The problem is, the problem really exists within a PHP app.

So, I assume the certs are somewhere else, too?


----------



## Jose (Oct 8, 2021)

rainer_d said:


> Hi,
> 
> this does not work either.
> 
> ...


Did these problems start on September 30th?





						DST Root CA X3 Expiration (September 2021) -  Let's Encrypt
					

Update September 30, 2021 As planned, the DST Root CA X3 cross-sign has expired, and we’re now using our own ISRG Root X1 for trust on almost all devices. For more details about the plan, keep reading! We have also updated our Production Chain Changes thread on our community forum - our team and...



					letsencrypt.org


----------



## mer (Oct 8, 2021)

rainer_d said:


> SSL certificate problem: certificate has expired


Typically this means that a certificate is past it's expiration date.
Just like you won't drink milk past the expiration date, SSL will not use a certificate that is past it's due date.
The cert needs to be renewed.


----------



## rainer_d (Oct 8, 2021)

It works on a newer server (and on my Mac).

ssllabs also says it's OK.

I assume it's the new LE intermediate.

But why?


----------



## Jose (Oct 8, 2021)

X.509 certificate chain validation is strange and complex.

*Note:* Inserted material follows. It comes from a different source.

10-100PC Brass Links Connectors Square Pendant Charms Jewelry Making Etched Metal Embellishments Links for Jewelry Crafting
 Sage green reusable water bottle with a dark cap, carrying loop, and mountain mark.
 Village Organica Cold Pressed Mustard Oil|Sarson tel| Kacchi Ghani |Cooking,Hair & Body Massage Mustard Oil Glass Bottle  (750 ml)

						BearSSL - X.509 Certificates
					






					bearssl.org
				




I found a great discussion once on all the various ways in which the major and minor SSL/TLS implementations fail to implement it correctly, but I can't find it now.

TL;DR Openssl 1.0x. has a bug:





						Old Let's Encrypt Root Certificate Expiration and OpenSSL 1.0.2 - OpenSSL Blog
					

The currently recommended certificate chain as presented to Let’s Encrypt ACME clients when new certificates are issued contains an intermediate …




					www.openssl.org


----------



## rainer_d (Oct 8, 2021)

OK, thanks.


But as I said, I replaced the ca-root-nss.crt file - and there is a symlink in /etc/ssl to that replace file.


----------



## obsigna (Oct 8, 2021)

rainer_d said:


> It works on a newer server (and on my Mac).
> 
> ssllabs also says it's OK.
> 
> ...


Check you version of OpenSSL.

`openssl version`
Versions up to 1.0.2 are inkompatible with the cross-signing method which LE used to overcome the expiration of the X3 certificate.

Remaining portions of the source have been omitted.